In 2016 Family HomeStead provided 28,963 nights of emergency and transitional housing and intensive case management services for 750 individuals in 214 families with 488 children.  Dependent children comprised 65% of our entire client population with 35% under age five. Of the families that completed our programs, 89.9% secured next step housing; 95.0% had income sufficient to support housing; and 93.3% completed their case plan goals.  Dependent children comprise 66% of entire client population. Homeless families with children represent the largest demographic among homeless people.

2016 program outcomes


100% of the client families we work with are very low income and earn between $0 and $21,000 a year. 86% of the families we served in 2016 were people of color, 65% were single parent households with 55% of them being female-headed households. 

LONG Term outcomes

Family HomeStead has derived longer term outcomes for the services we provide through following up with families for the six months after they complete our program. Of the 141 families who completed the program in 2016, 56 agreed to maintain contact for six months so we could evaluate the sustainability of their progress; 50 of those families maintained contact for the full six months. Homeless families have a variety of reasons for not wanting to maintain contact with the homeless service community. Relocation, shame, inconvenience, disorganization, and simply being overwhelmed with the tasks of daily life in relative poverty are among the many reasons. Family HomeStead is committed to fostering a strong sense of self-agency among our families and do not want families to feel as if they are ‘indebted’ to our organization for the services we have provided. This is why we present follow-up services as optional and not mandatory.

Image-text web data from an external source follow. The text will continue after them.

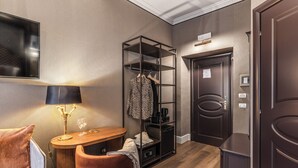 A hotel room with a bed, a desk with a lamp, a chair, a wardrobe, and a door.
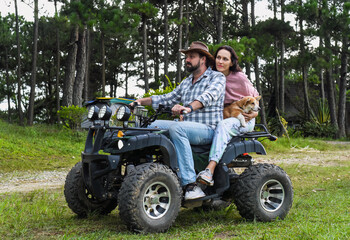 Portrait of young married couple sitting on a quad bike in the forest © Tatiana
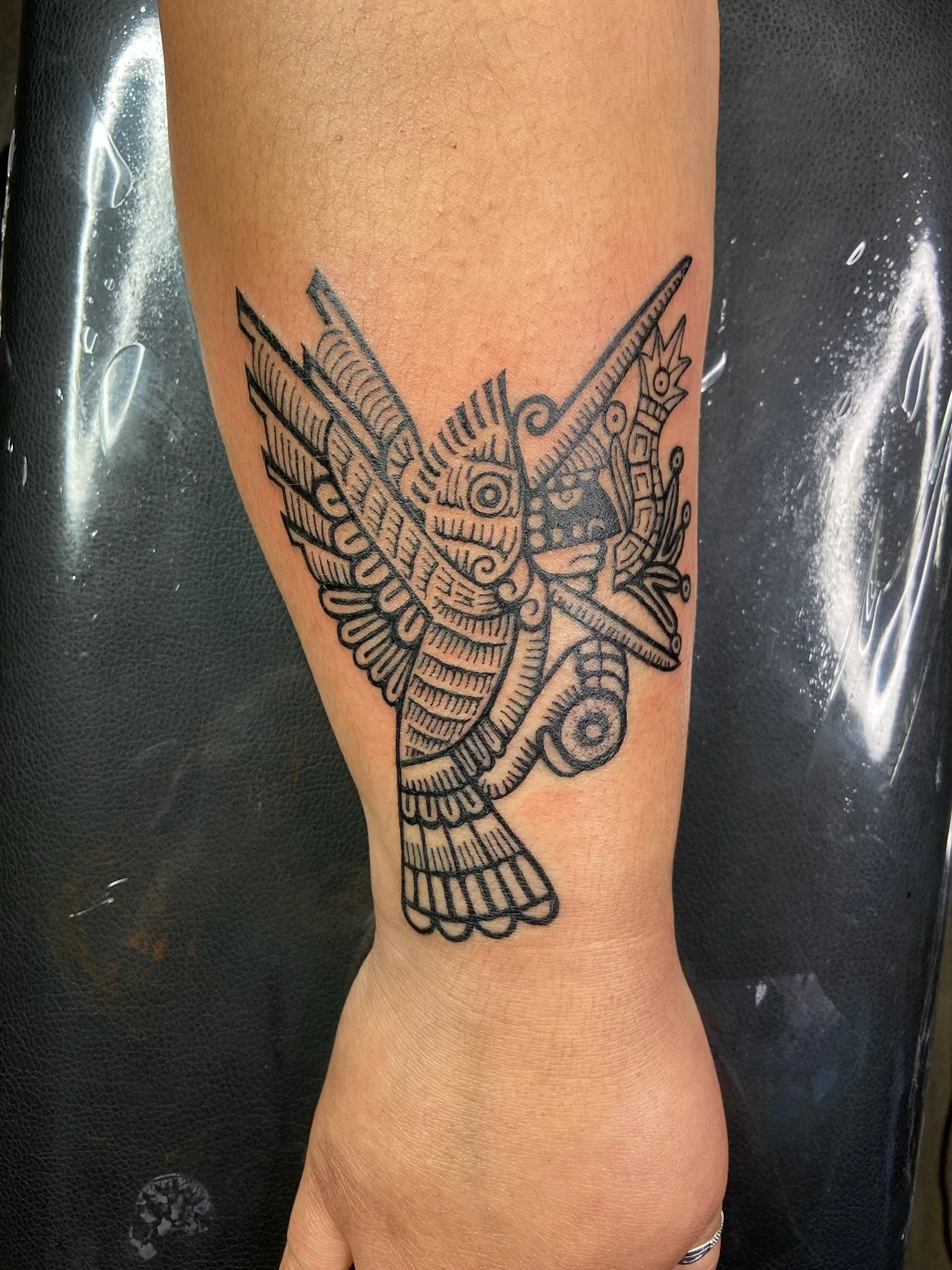 Black outline tattoo of a colorful symbolism on a person's upper arm.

 Of the 50 families who maintained contact with us, 45 had housing and 46 had income at termination of program services with Family HomeStead. All families maintained their housing and 44 maintained their income through the six month tracking period. With follow-up case management support, four families who did not have income at termination, three were able to secure a job.  Of the five who did not have permanent housing at termination, four were able to find housing during the six month follow up.